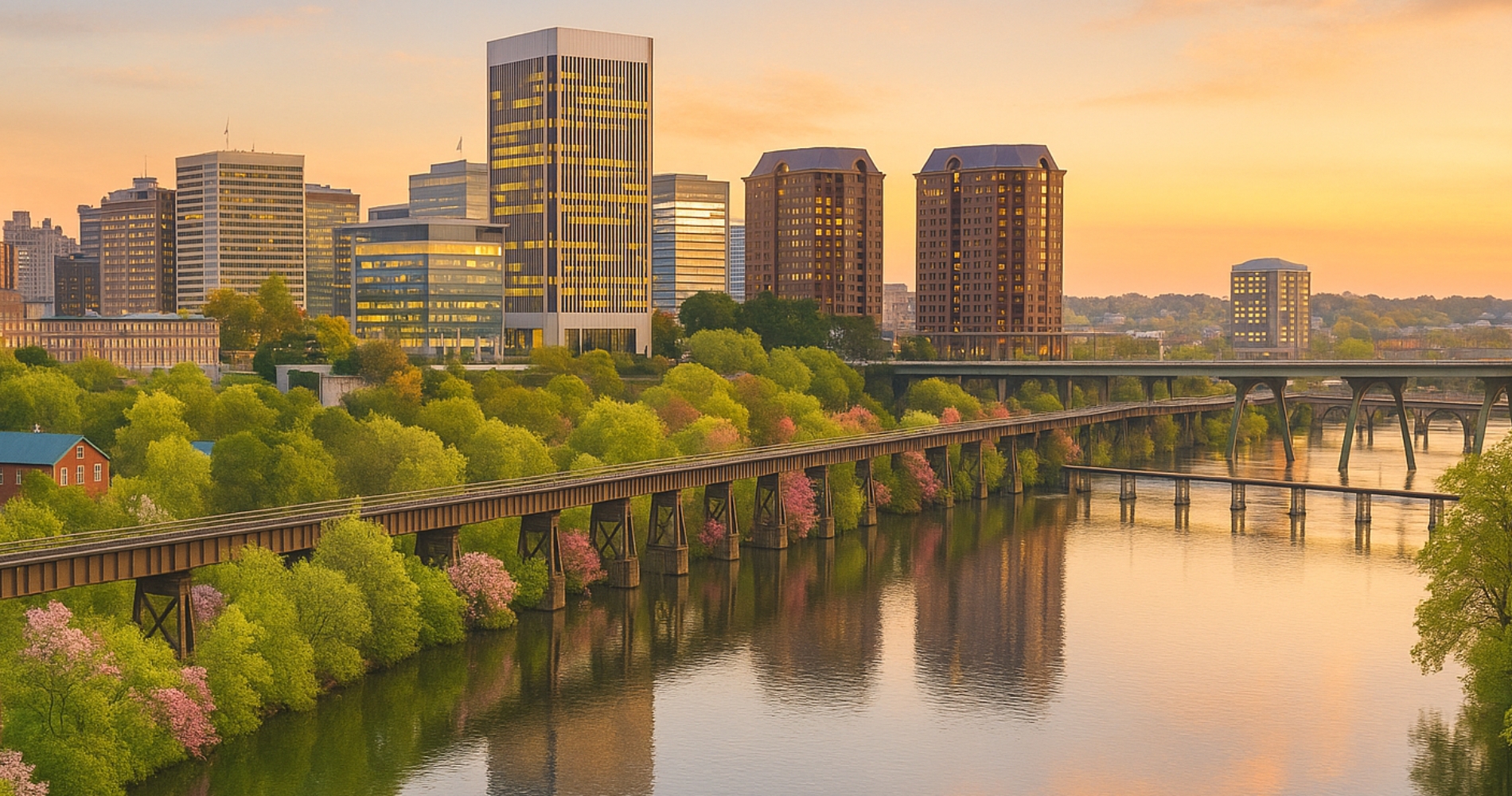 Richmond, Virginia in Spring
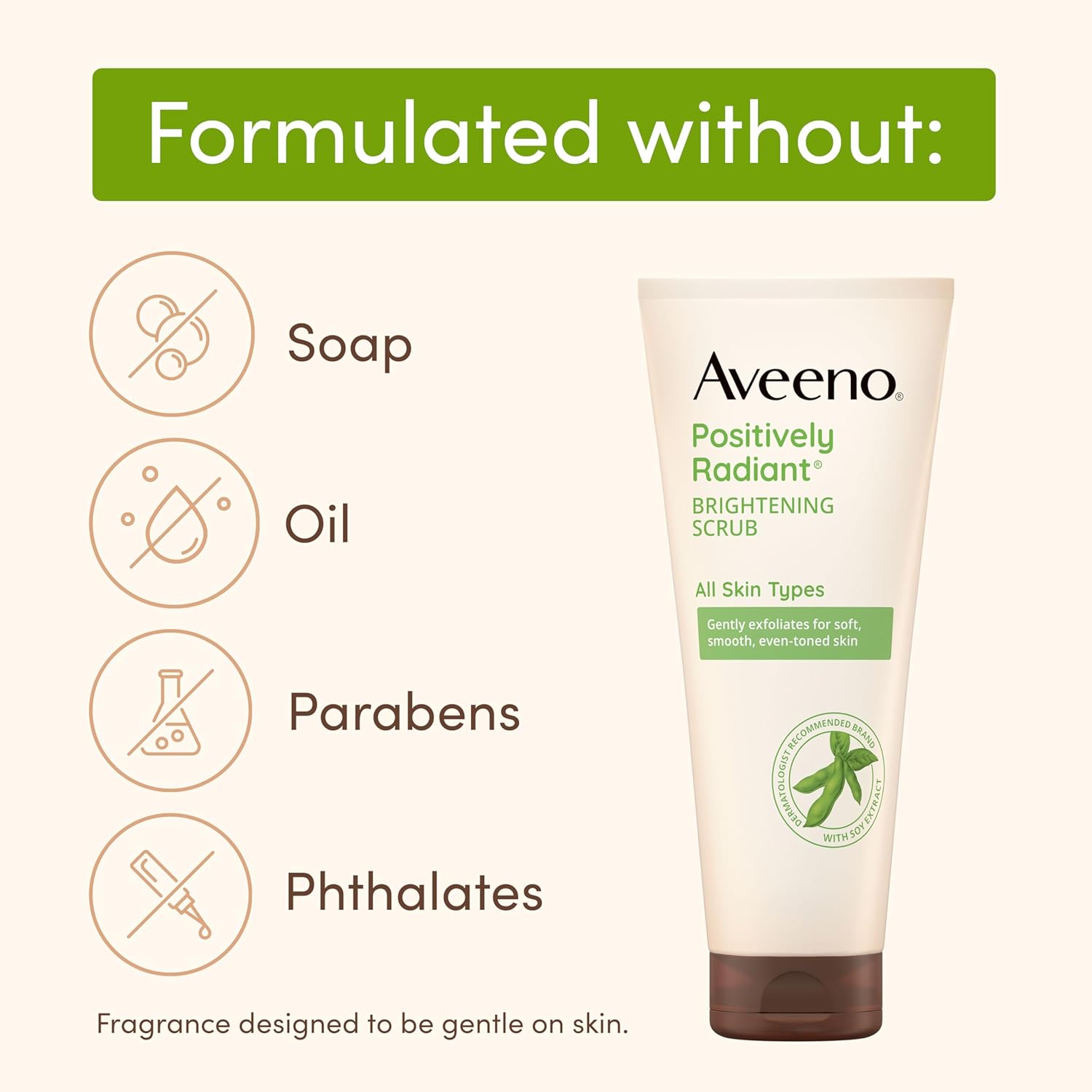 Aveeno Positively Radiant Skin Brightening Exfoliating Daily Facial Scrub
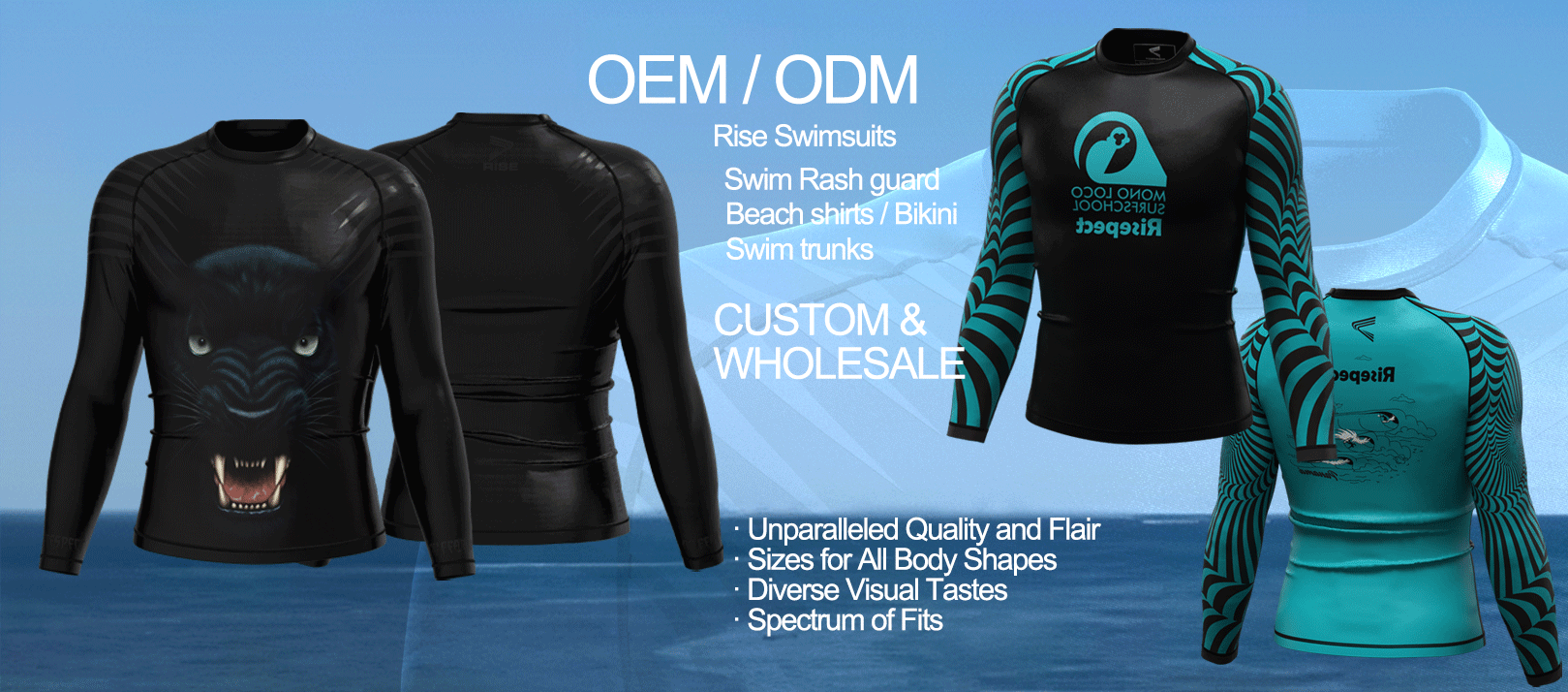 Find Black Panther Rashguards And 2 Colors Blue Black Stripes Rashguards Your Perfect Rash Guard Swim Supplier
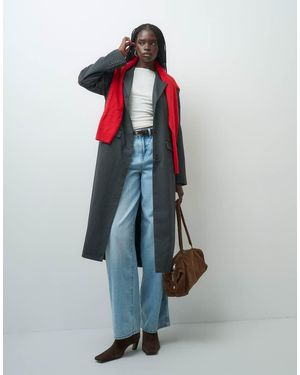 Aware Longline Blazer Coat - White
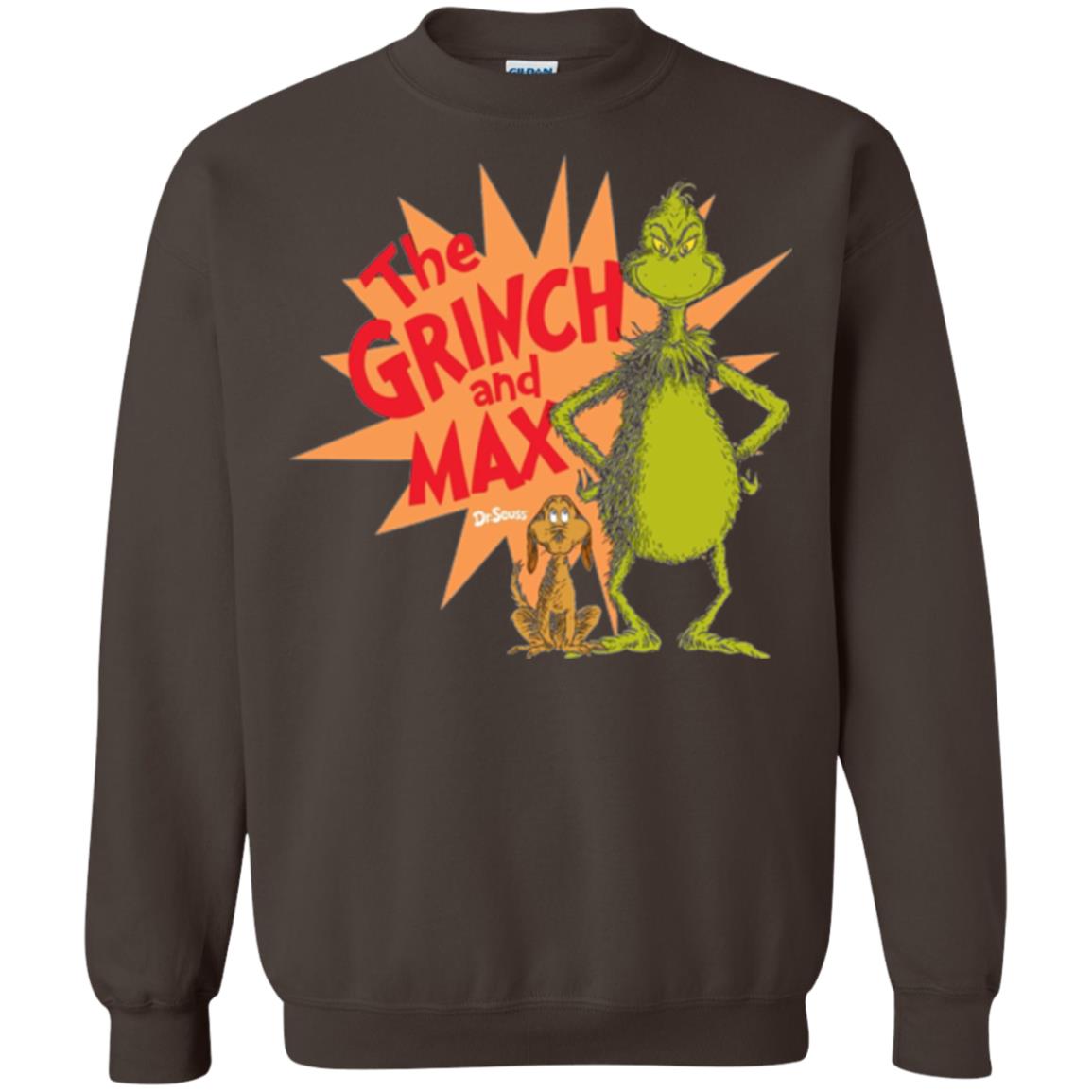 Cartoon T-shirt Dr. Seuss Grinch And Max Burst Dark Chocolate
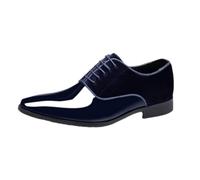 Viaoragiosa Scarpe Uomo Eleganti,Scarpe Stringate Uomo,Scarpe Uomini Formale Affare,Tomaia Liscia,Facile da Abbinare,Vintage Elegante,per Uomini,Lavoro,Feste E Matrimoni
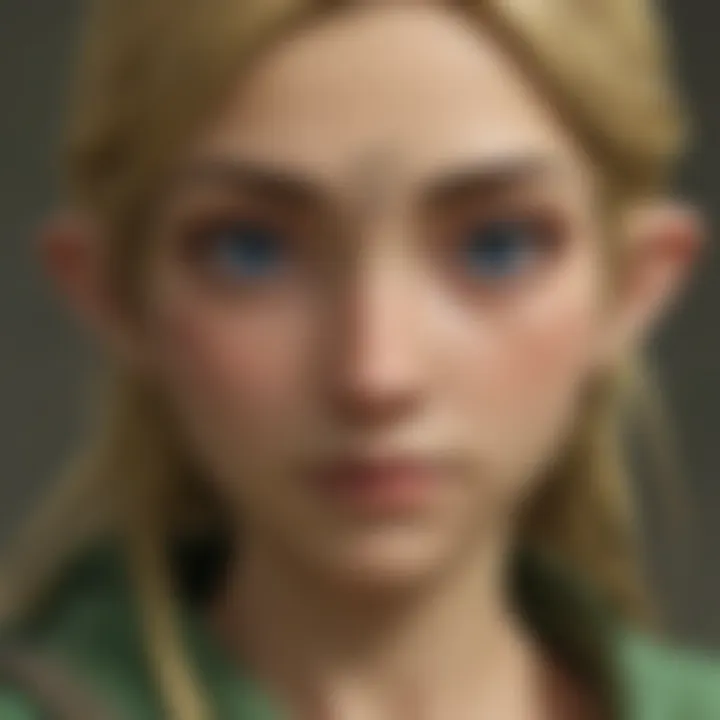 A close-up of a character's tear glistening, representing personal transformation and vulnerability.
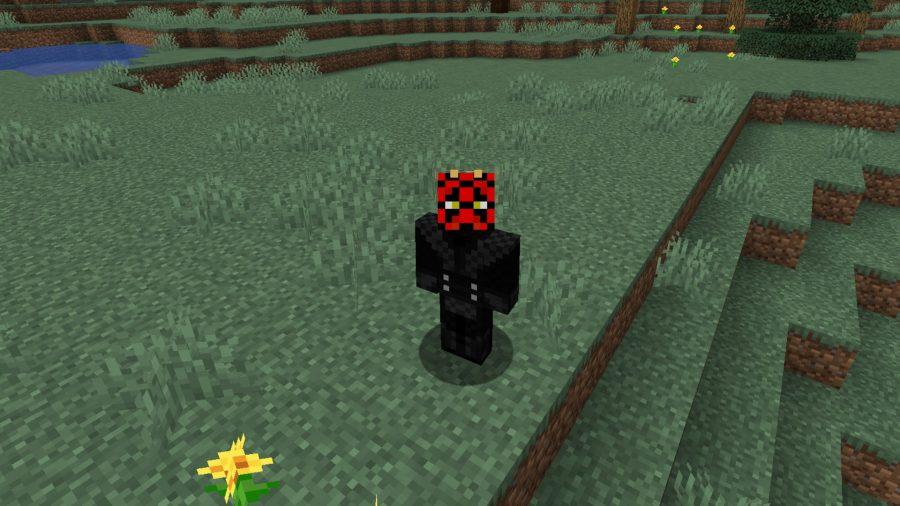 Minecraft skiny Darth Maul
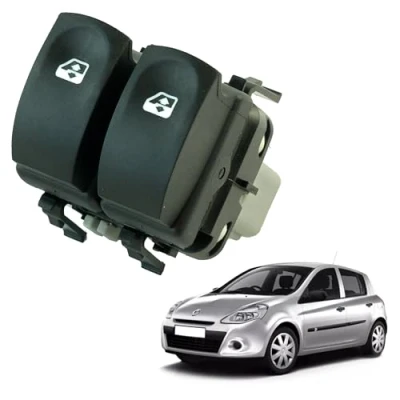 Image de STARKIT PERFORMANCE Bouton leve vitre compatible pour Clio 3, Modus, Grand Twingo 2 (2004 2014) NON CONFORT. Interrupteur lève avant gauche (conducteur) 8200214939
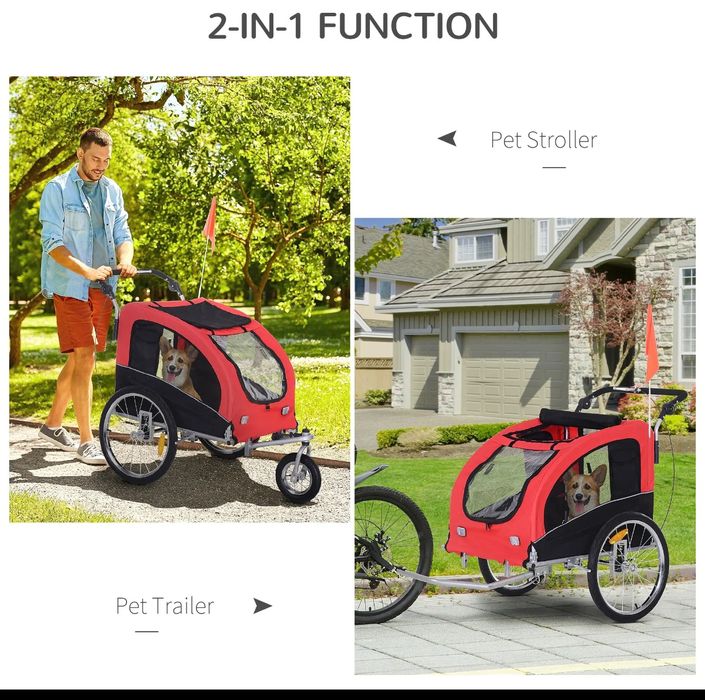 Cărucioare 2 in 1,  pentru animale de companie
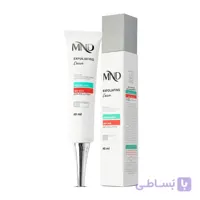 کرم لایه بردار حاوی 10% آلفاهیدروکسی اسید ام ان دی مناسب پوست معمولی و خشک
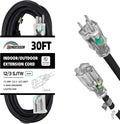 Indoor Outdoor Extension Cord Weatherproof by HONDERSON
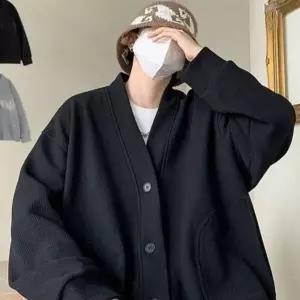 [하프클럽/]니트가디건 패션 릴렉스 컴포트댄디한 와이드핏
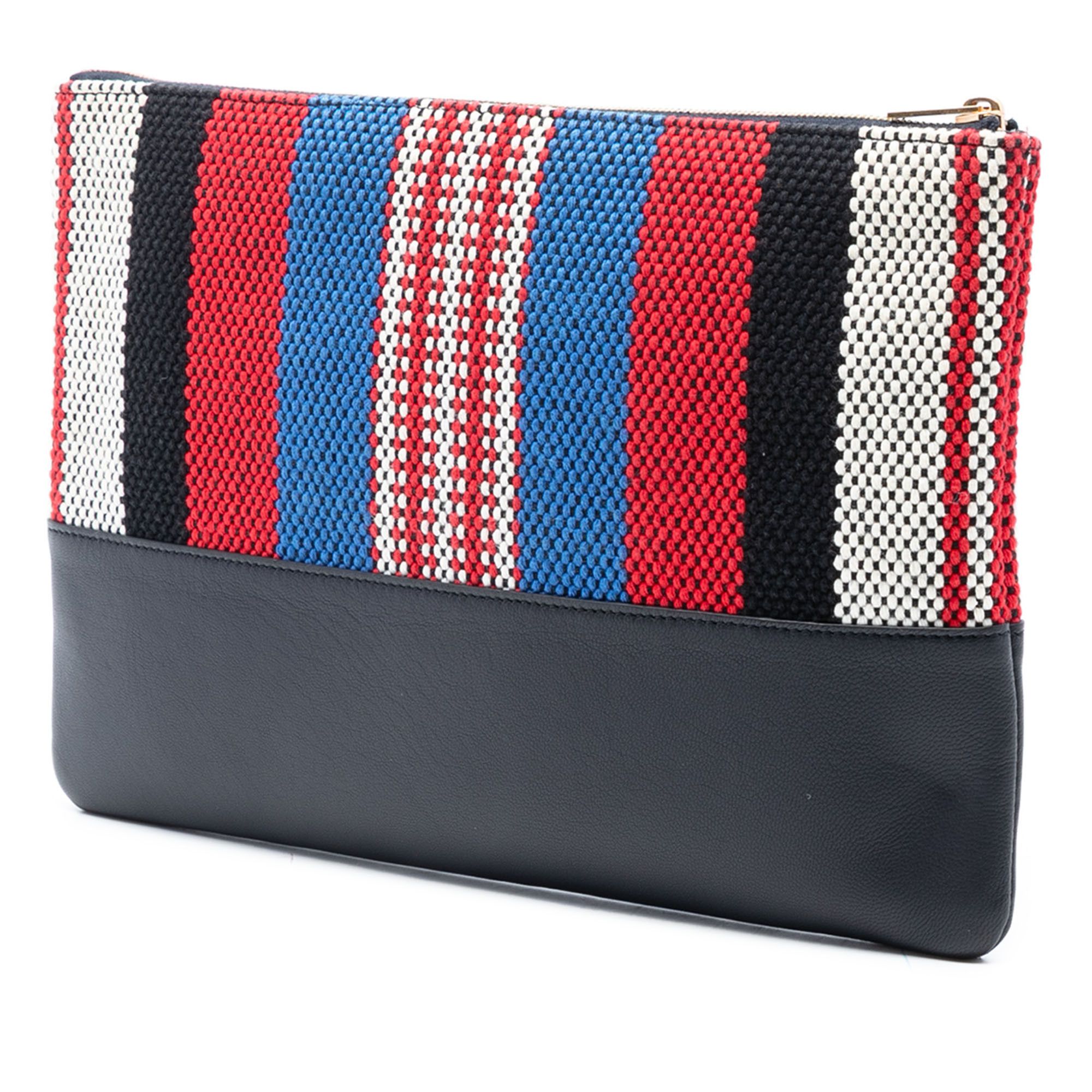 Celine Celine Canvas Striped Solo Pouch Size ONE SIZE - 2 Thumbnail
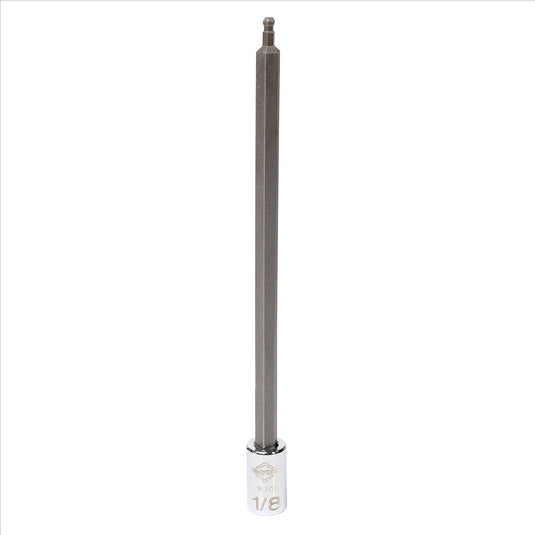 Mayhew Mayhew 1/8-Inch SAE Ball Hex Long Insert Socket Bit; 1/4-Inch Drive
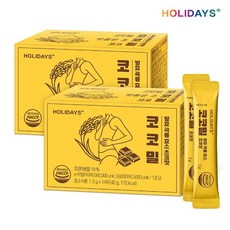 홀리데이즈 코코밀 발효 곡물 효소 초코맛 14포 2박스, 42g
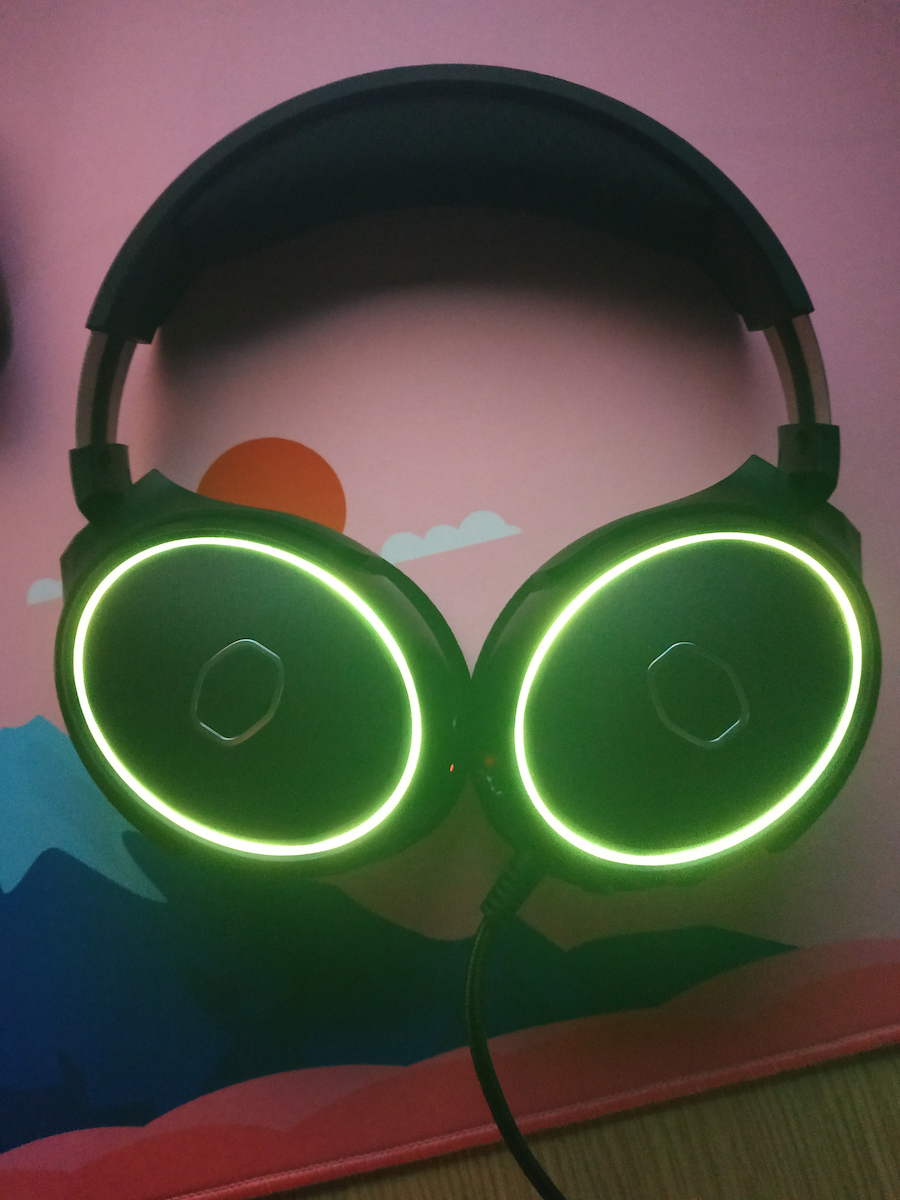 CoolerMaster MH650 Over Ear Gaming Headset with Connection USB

--------------------------------

_Work required:_
Set down the material above exactly. Skip any picture.

_Answer area:_
 Richmond, Virginia in Spring
 Aveeno Positively Radiant Skin Brightening Exfoliating Daily Facial Scrub
 Find Black Panther Rashguards And 2 Colors Blue Black Stripes Rashguards Your Perfect Rash Guard Swim Supplier
 Aware Longline Blazer Coat - White
 Cartoon T-shirt Dr. Seuss Grinch And Max Burst Dark Chocolate
 Viaoragiosa Scarpe Uomo Eleganti,Scarpe Stringate Uomo,Scarpe Uomini Formale Affare,Tomaia Liscia,Facile da Abbinare,Vintage Elegante,per Uomini,Lavoro,Feste E Matrimoni
 A close-up of a character's tear glistening, representing personal transformation and vulnerability.
 Minecraft skiny Darth Maul
 Image de STARKIT PERFORMANCE Bouton leve vitre compatible pour Clio 3, Modus, Grand Twingo 2 (2004 2014) NON CONFORT. Interrupteur lève avant gauche (conducteur) 8200214939
 Cărucioare 2 in 1,  pentru animale de companie
 کرم لایه بردار حاوی 10% آلفاهیدروکسی اسید ام ان دی مناسب پوست معمولی و خشک
 Indoor Outdoor Extension Cord Weatherproof by HONDERSON
 [하프클럽/]니트가디건 패션 릴렉스 컴포트댄디한 와이드핏
 Celine Celine Canvas Striped Solo Pouch Size ONE SIZE - 2 Thumbnail
 Mayhew Mayhew 1/8-Inch SAE Ball Hex Long Insert Socket Bit; 1/4-Inch Drive
 홀리데이즈 코코밀 발효 곡물 효소 초코맛 14포 2박스, 42g
 CoolerMaster MH650 Over Ear Gaming Headset with Connection USB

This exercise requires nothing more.